▸ DESCRIPTION OF THE TASK:
Set down again, exactly and only, the lines from the one that contains "Elegante Rozenbloesems Koffiemok" through the last line of the records below, both included, but not the pictures.

*** Opening of RECORDS FOR THIS TASK ***

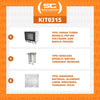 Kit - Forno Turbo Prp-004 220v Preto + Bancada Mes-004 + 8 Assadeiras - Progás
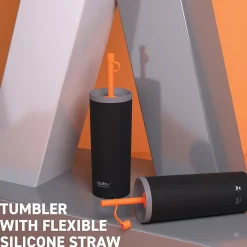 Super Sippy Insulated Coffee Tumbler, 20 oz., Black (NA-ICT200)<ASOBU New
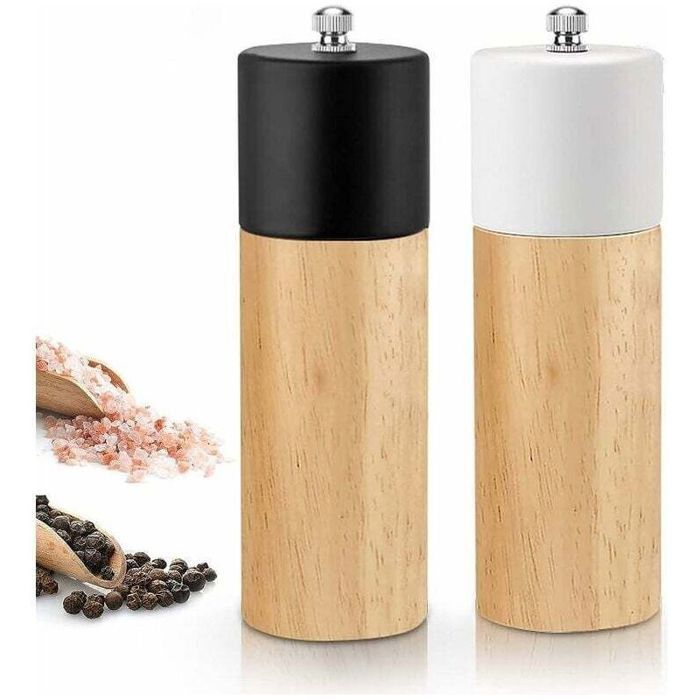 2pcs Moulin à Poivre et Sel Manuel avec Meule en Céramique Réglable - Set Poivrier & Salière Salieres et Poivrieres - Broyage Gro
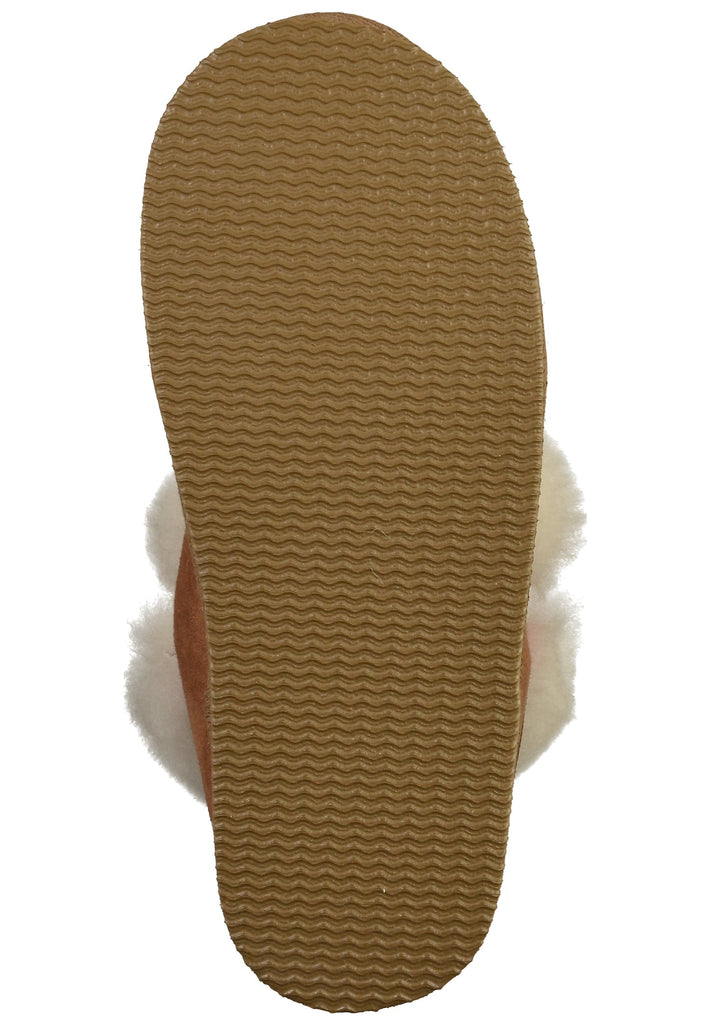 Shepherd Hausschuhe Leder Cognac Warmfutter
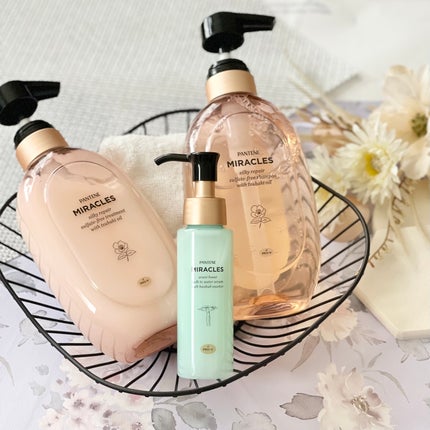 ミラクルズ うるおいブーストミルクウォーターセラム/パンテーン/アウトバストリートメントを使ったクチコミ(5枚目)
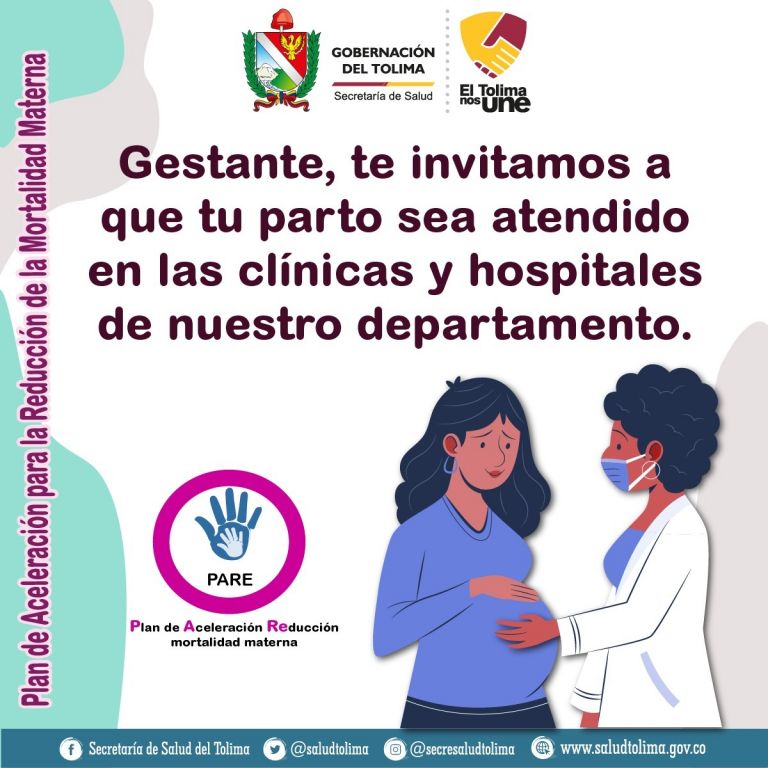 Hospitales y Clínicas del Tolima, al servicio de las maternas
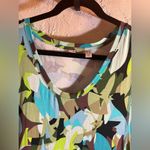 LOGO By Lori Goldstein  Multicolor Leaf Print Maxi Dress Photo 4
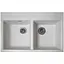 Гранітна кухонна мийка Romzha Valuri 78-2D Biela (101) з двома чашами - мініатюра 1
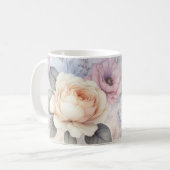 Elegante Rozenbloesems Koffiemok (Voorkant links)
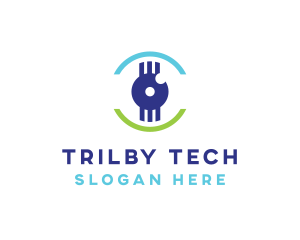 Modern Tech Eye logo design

*** Close of RECORDS FOR THIS TASK ***

▸ ANSWER FOR THE TASK:
 Elegante Rozenbloesems Koffiemok (Voorkant links)
 Modern Tech Eye logo design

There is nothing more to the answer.